6. Tint the rest of the batter with the 3 drops of food coloring and mix well to even color throughout it.
7. Pour the colored mixture over the white layer and spread it even with the spatula.
8. Use the spatula to press both layers firmly into the pan.
9. Allow the treat to cool and harden. Then flip candy out of pan, remove parchment paper, and cut into cubes with a knife.
10. Enjoy before the kiddos find them, or hide them from your sight until you’re ready to share to avoid overindulgence.
Wine Delight Truffles
All the wine lovers please raise your hands with me. Cabernets or merlots pair wonderfully with the chocolate in these decadent bites. You can change the topping to your own tastes: powdered sugar, cocoa powder, festive GF sprinkles, finely shredded coconut, or the GF graham cracker crumbs I use in the recipe below. Have fun with it!
3/4 cup heavy cream
6 oz. dark chocolate chips
4 oz. milk chocolate chips
3 tbsp. your favorite merlot or cabernet sauvignon
GF Graham Cracker Crumbs for topping
Medium sauce pan
1. In the medium saucepan, heat heavy cream on medium.
2. Place chocolate in the bowl.
3. Just as cream starts to boil, pour over chocolate.
4. Add wine to chocolate cream mixture and allow to sit 3-5 minutes.
5. Whisk wine and chocolate until smooth.
6. Place a piece of plastic wrap over bowl and press down into the mixture.
7. Refrigerate overnight or at least 2 hours.
8. Use a spoon to scoop up chocolate wine mixture, shape into balls, and place on wax paper until all the batter is used.
9. Roll the balls in graham cracker crumbs and refrigerate 30 minutes before enjoying.
Peppermint Coconut Chocolate Bars
Does anything say Christmas like peppermint? I think it ranks right up there with cinnamon and evergreen. In case you didn’t see much of a pattern, we’re thinking chocolate is the ultimate companion for the holidays! So a peppermint chocolate treat needs to be included in this candy post! This chocolate bar is also vegan, nut free, and dairy free, perfect for everyone’s diet at your holiday get-together. These would also be really cute decorated and placed in stockings or goodie gift baskets.

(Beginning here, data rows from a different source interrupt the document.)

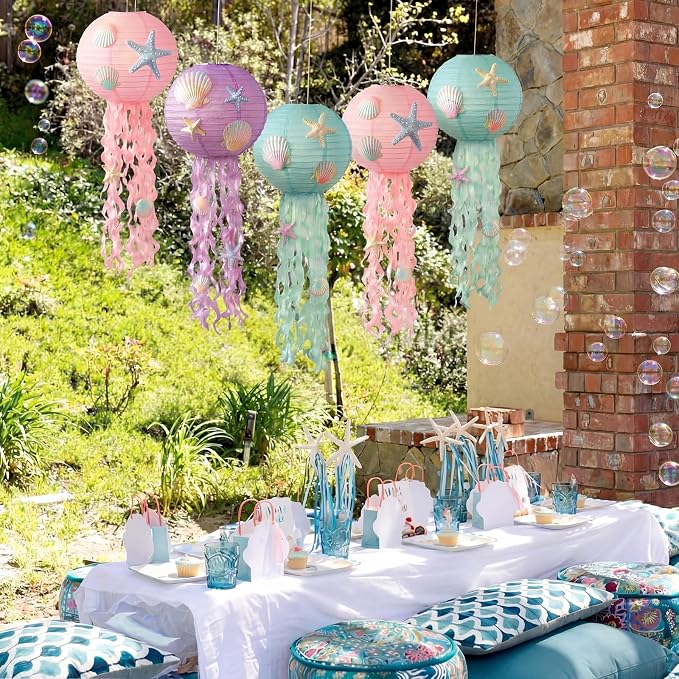 VioraWhite 18 Pcs Mermaid Birthday Party Decorations 6 Pcs 9.8'' Hanging Jellyfish Paper Lanterns 8 Starfish Decor 2 Holographic Iridescent Dot Garlands for Mermaid Under The Sea Ocean Birthday Decor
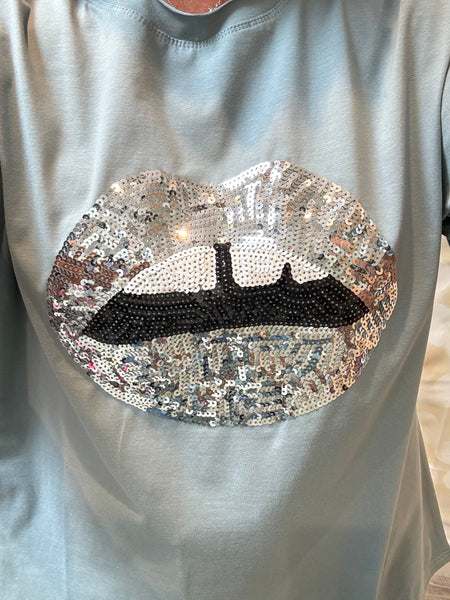 Sequin Lips  T shirt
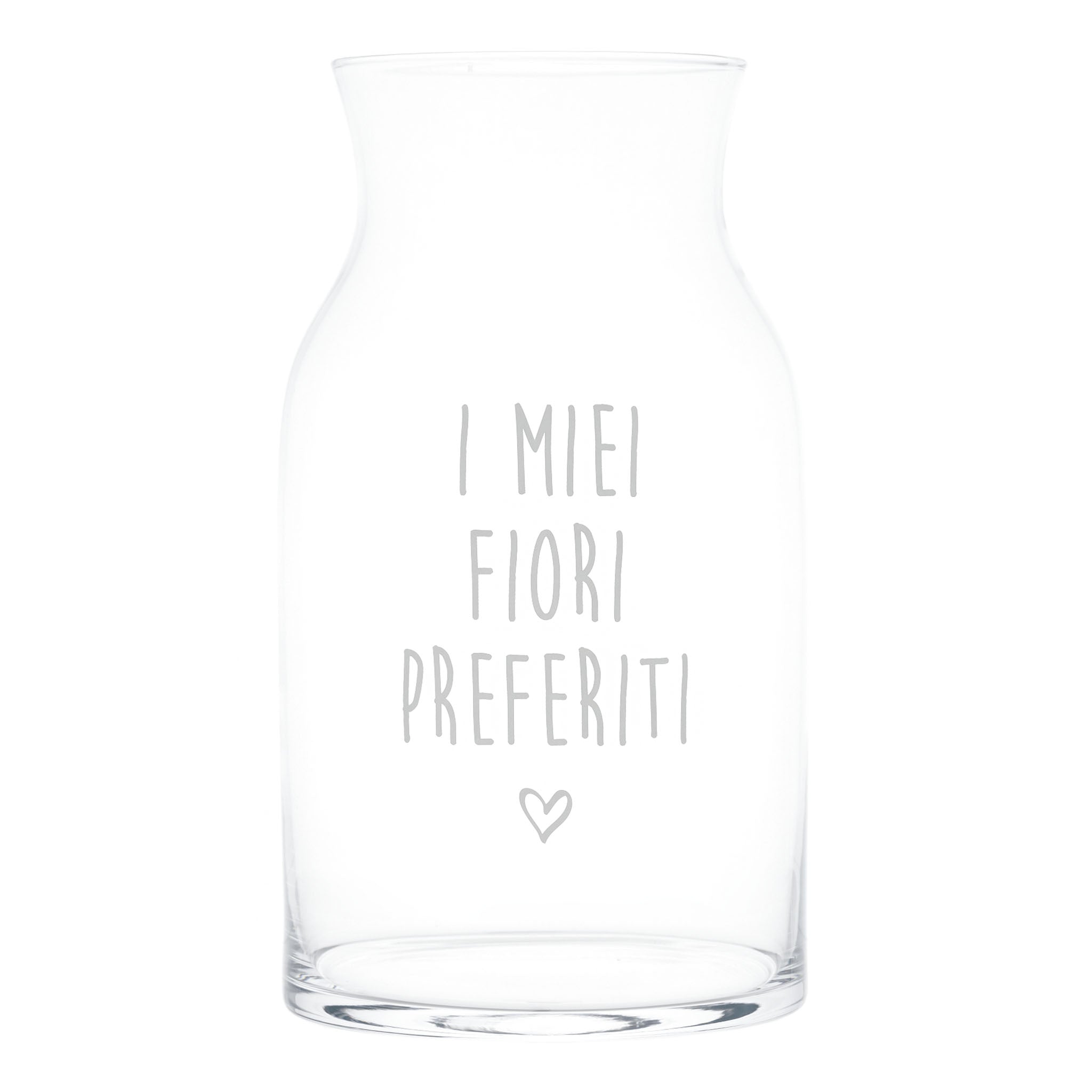 Vaso Portafiori I Miei Fiori Preferiti D15cm H27cm Trasparente decoro Bianco Simple Day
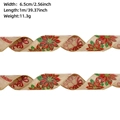 Christmas burlap ribbon with floral pattern and bells, 6.5cm wide for gift decor - Extra Short-Khaki Flower Bell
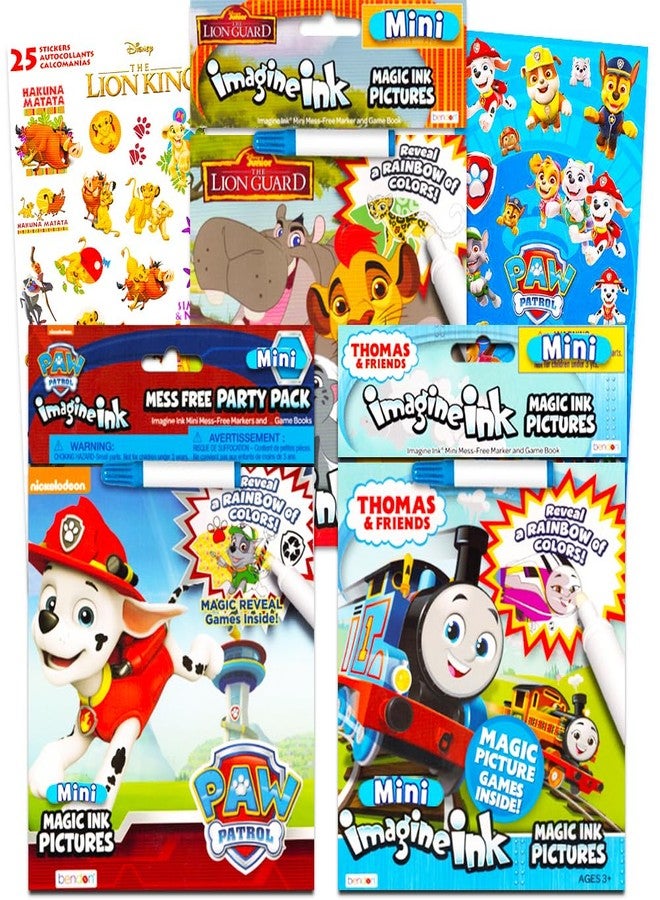 Imagine Ink Coloring Book Set for Toddlers Kids - 3 Magic Ink Books Featuring Paw Patrol, Thomas the Train, Lion Guard with Invisible Ink Pens and Stickers (Mess Free Coloring) - Image 1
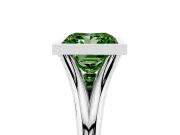 Princess Cut Bezel Engagement Ring Setting for a Fancy Green Lab-Grown Diamond | Sterling Silver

1 1/3 cup coconut oil, melted
1/2 cup raw honey
6 drops peppermint essential oil
1 cup organic cocoa powder
2 tsp. vanilla extract
1/2 tsp. fine ground pink Himalayan salt
High power blender
1. Place all the food ingredients in blender and run on high 1-2 minutes until all are combined well.
2. Pour into baking dish and even top with spatula.
3. Place dish in freezer 5 minutes.
4. Removed from freezer and use knife to score into desired size bars.
5. Return to freezer for additional 15 minutes.
6. Removed from freezer, cut or break into pieces.
7. Wrap and decorate or place on platter for guests.